People at meeting

Positive attitudes and conduct make sport enjoyable for everyone. Some people can ruin the experience with poor behaviour.

This can include things like undue pressure, abuse, taunting, poor sportsmanship, foul language, harassment, bullying, victimisation and more.  It can be verbal, written, physical or emotional.

Poor behaviour can occur in many places - during play, on the sidelines, at training, in the clubhouse or outside of the sporting arena.

It can be coaches, players, parents, spectators, officials or administrators that behave poorly. Any one of these people, children or adults, can be the victim of poor conduct too.

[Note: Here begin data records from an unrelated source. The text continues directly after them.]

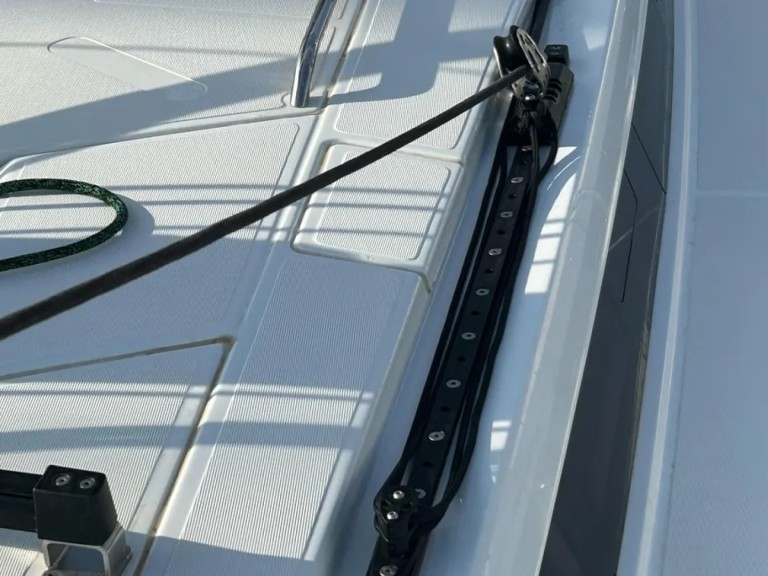 Yacht hire Lávrio cheap First 44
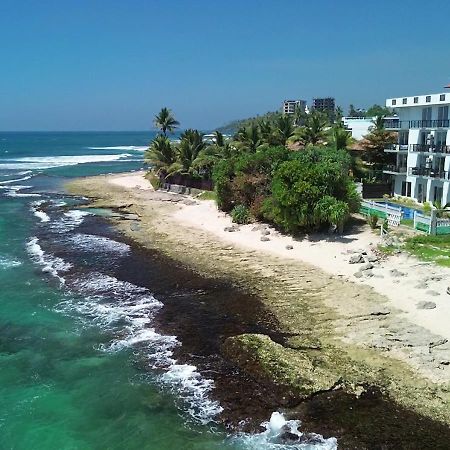Ara Beach Resort Mirissa Buitenkant foto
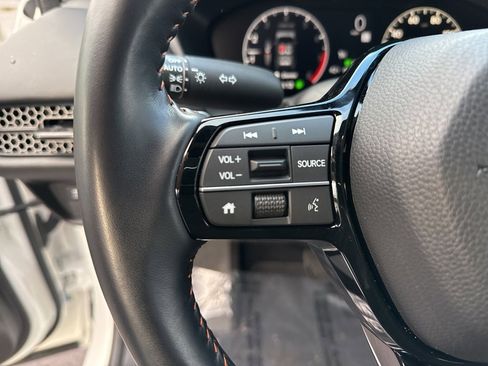 Certified 2025 Honda HR-V Sport image 11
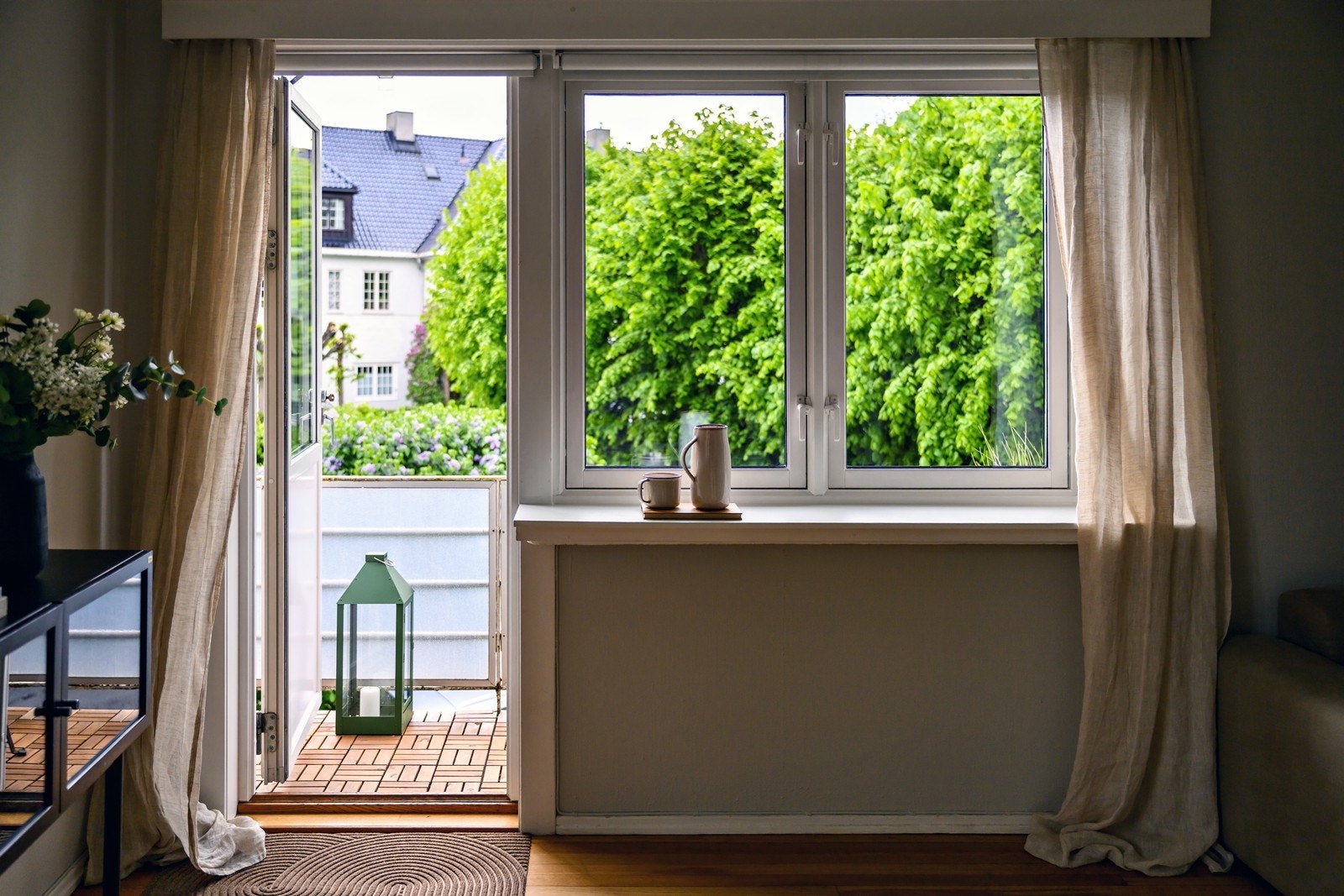 Det er utgang til balkong fra stuen Galleribilde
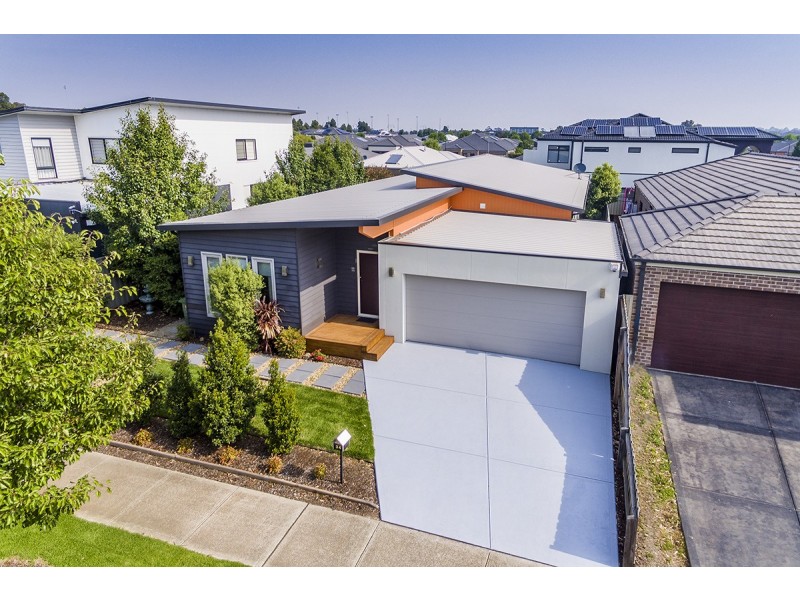 34 Prendergast Avenue, Cranbourne East VIC 3977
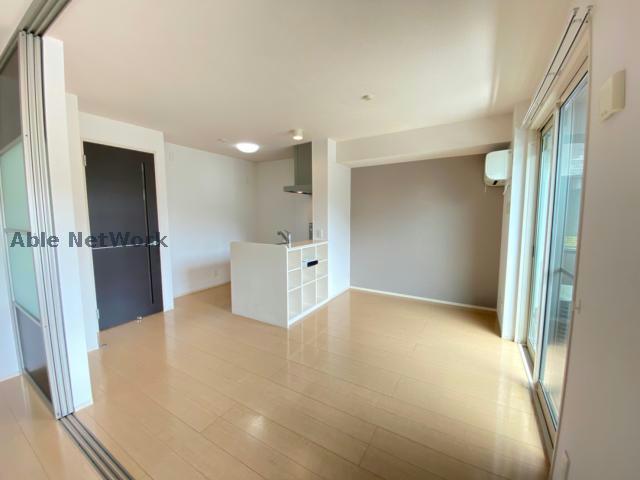 居室・リビング　同型反転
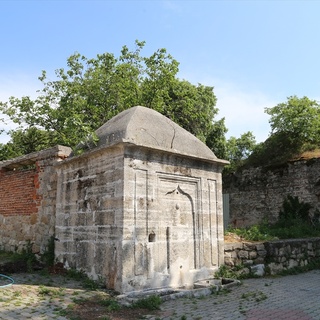Bir zamanlar Yeniçerilerin uğrak yeri olan hamam, kaderine terk mi edildi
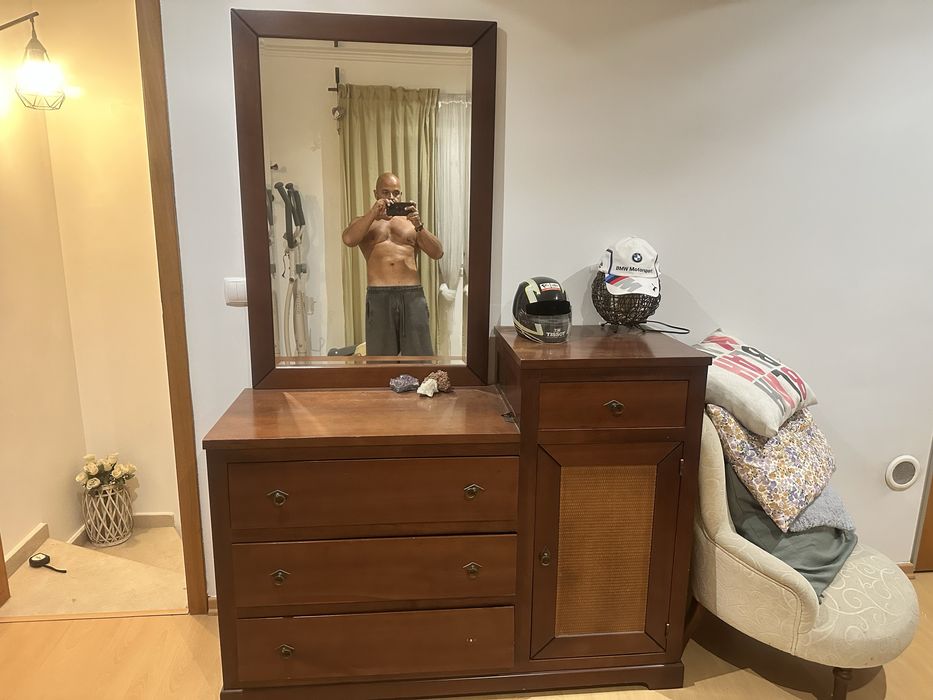 Mobilia de quarto casal madeira maciça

Poor behaviour stems from a lack of respect. Showing respect is so important, particularly for young people. It's important to teach respect for coaches, team mates, officials and anyone else involved in your sport. Below, ABC sports broadcaster Paul Kennedy and his two friends Jack and Max, talk about the importance of respect:

Poor behaviour in sport results in:

  • Risks to people's wellbeing
  • Reduced enjoyment for everyone
  • Children and adults giving up sport
  • Fewer people willing to volunteer for coaching, officiating and other roles
  • Risks to clubs reputation and management

Preventing poor conduct and behaviour in sport requires a few keys steps:

  • Club committee's being prepared and knowing what to do
  • Everyone adopting a positive sporting attitude and accepting responsibility for their behaviour
  • Club committee's coaches and other leaders in sport can proactively educate their club to ensure this happens and that members understand issues such as discrimination and harassment. Here at Play by the Rules we have online courses and interactive scenarios that you can promote to members. 

The law

It is also important to note, that while your sport may set standards for behaviour, clubs always have a legal responsibility to address behaviour that offends community standards or is against the law (for example, racial vilification, sexual harassment, common assault). If you witness behaviour that you think may be illegal, you should report it to the police. Similarly, if a bad situation escalates and becomes dangerous, play should be suspended and the police may be required to intervene.